+++ RECORDED INFORMATION

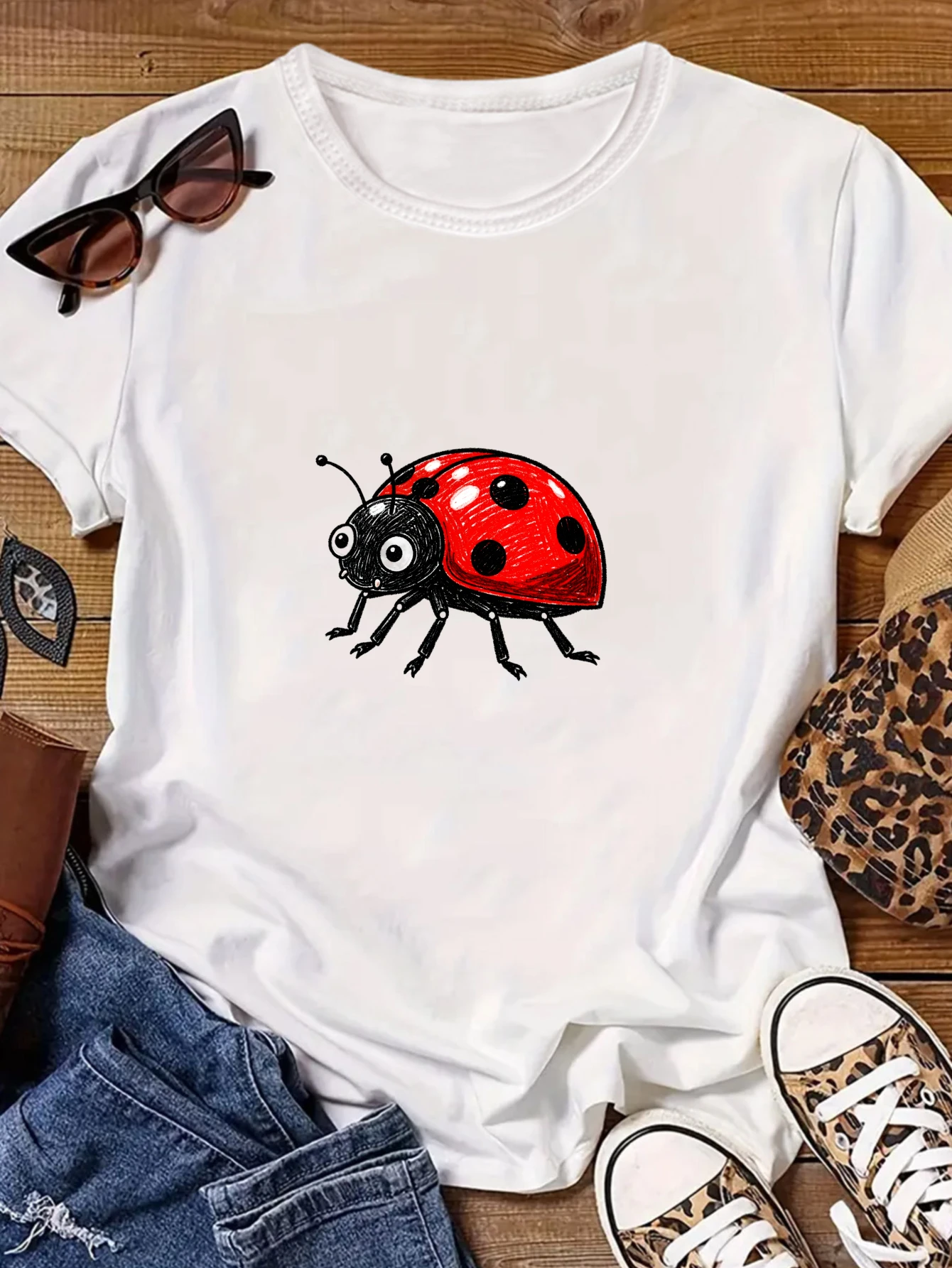 Women'S Clothing T-Shirt Fashionable Versatile Ladybug Print on White Shirt Summer Short Sleeved Harajuku Streetwear Tops Tees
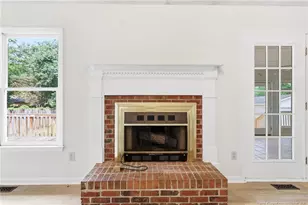 1967 Oakview Dr, Fayetteville, NC 28314 - Photo 11
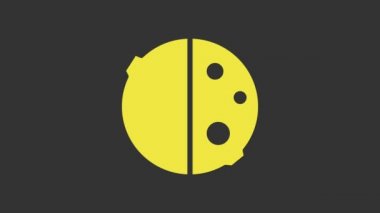 Güneş tutulmasının sarı tutulması gri arkaplanda izole edilmiş. Tam sonar tutulması. 4K Video hareketli grafik canlandırması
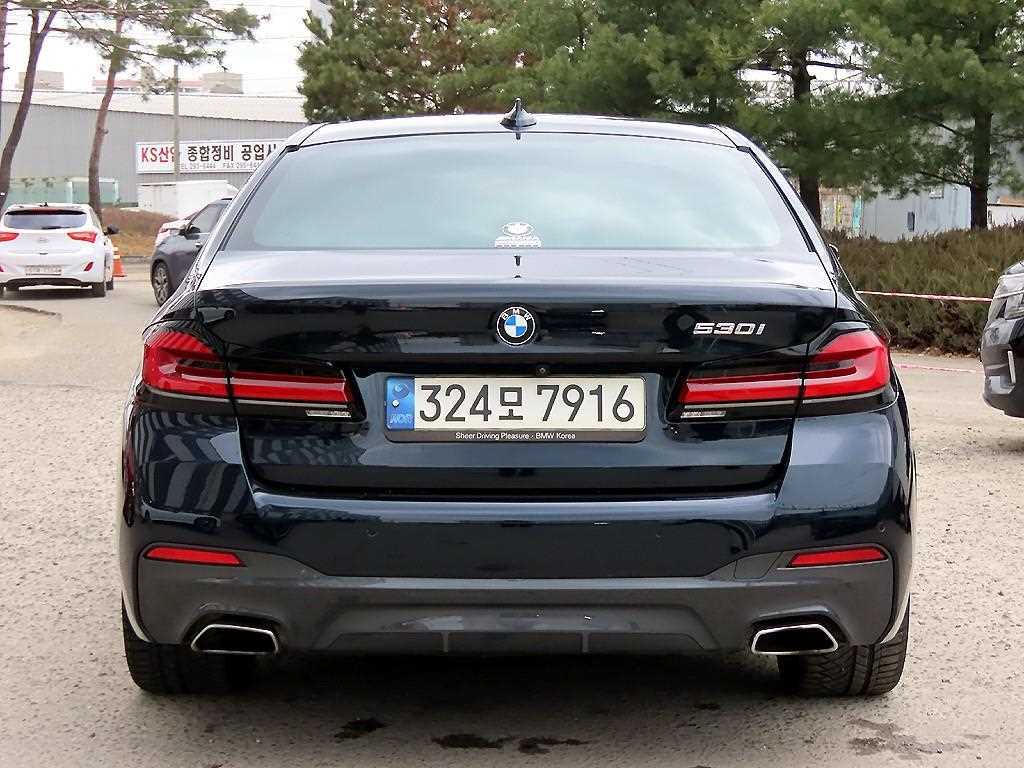 BMW 5 Series - Vista 4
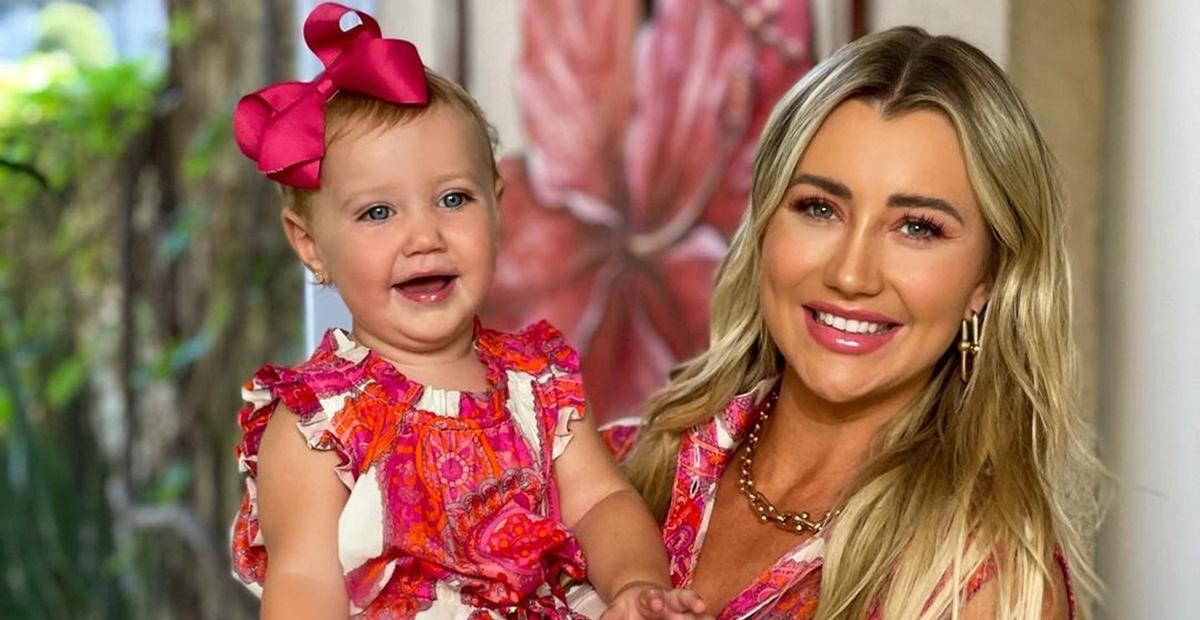 Ana Paula Siebert desabafa e revela cansaço após dormir um final de semana com a filha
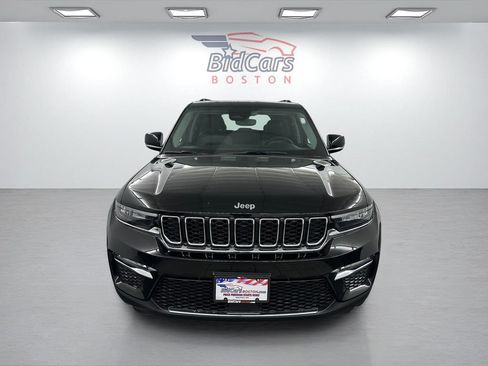 Used 2023 Jeep Grand Cherokee 4WD 4xe image 2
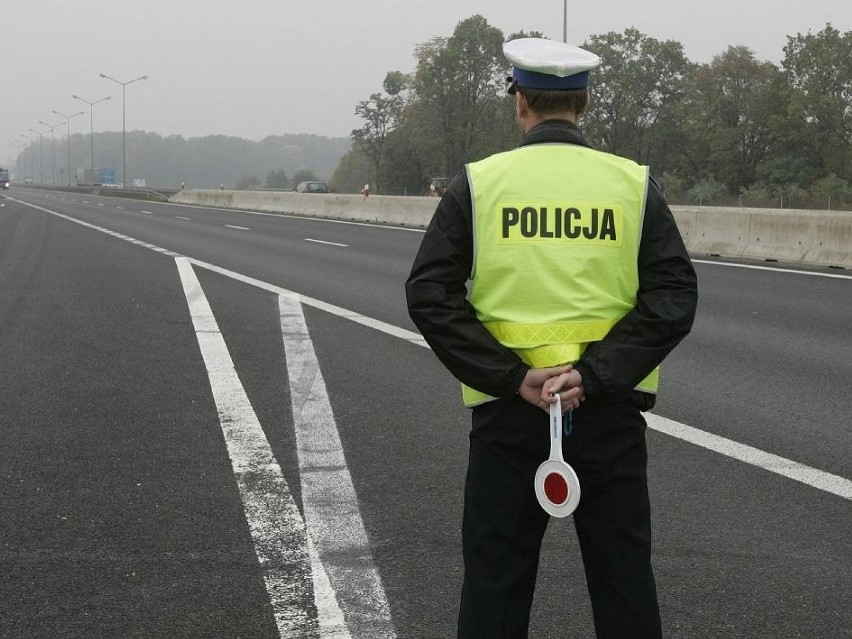 Policjanci zbadali trzeźwość wszystkich uczestników kolizji...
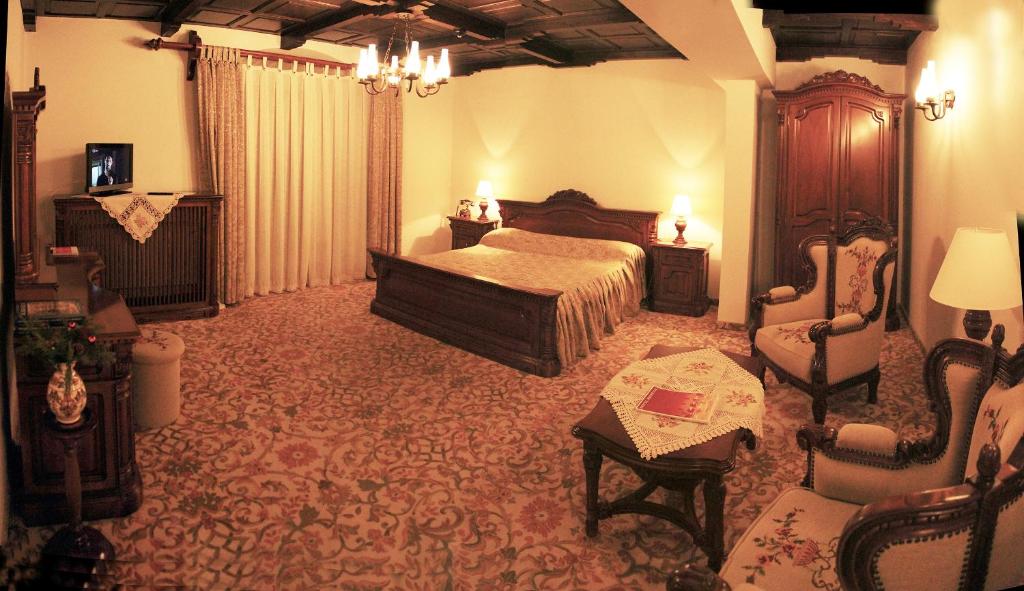 Отель Hotel Medieval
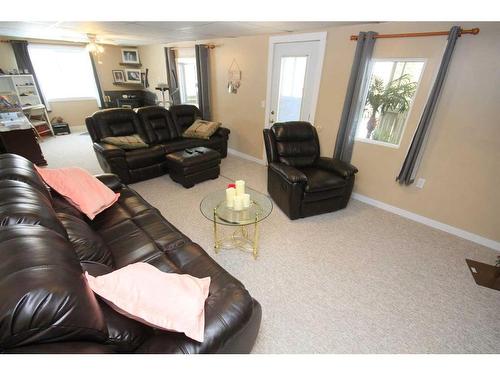 171065 Hwy 3, Rural Taber, M.D. Of, AB - Indoor Photo Showing Living Room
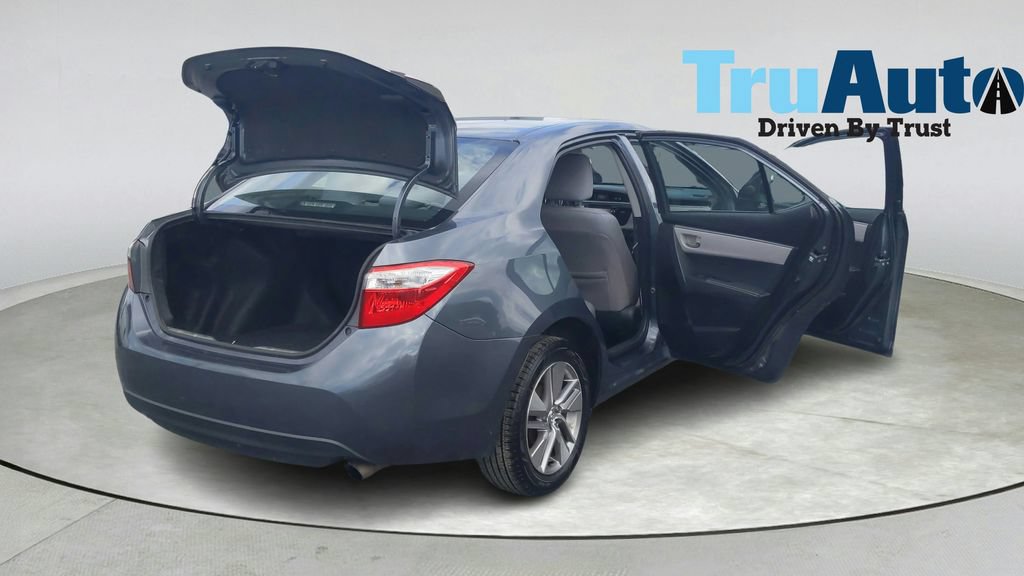 Used 2015 Toyota Corolla LE FWD image 13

++++++

_WHAT THE TASK REQUIRES_. The lines above starting at the one that holds "Güneş tutulmasının sarı" and ending at the one that holds "Policjanci zbadali trzeźwość" are to be written out exactly, ends included, and no pictures are to be copied.

_TASK RESPONSE_.
 Güneş tutulmasının sarı tutulması gri arkaplanda izole edilmiş. Tam sonar tutulması. 4K Video hareketli grafik canlandırması
 BMW 5 Series - Vista 4
 Ana Paula Siebert desabafa e revela cansaço após dormir um final de semana com a filha
 Used 2023 Jeep Grand Cherokee 4WD 4xe image 2
 Policjanci zbadali trzeźwość wszystkich uczestników kolizji...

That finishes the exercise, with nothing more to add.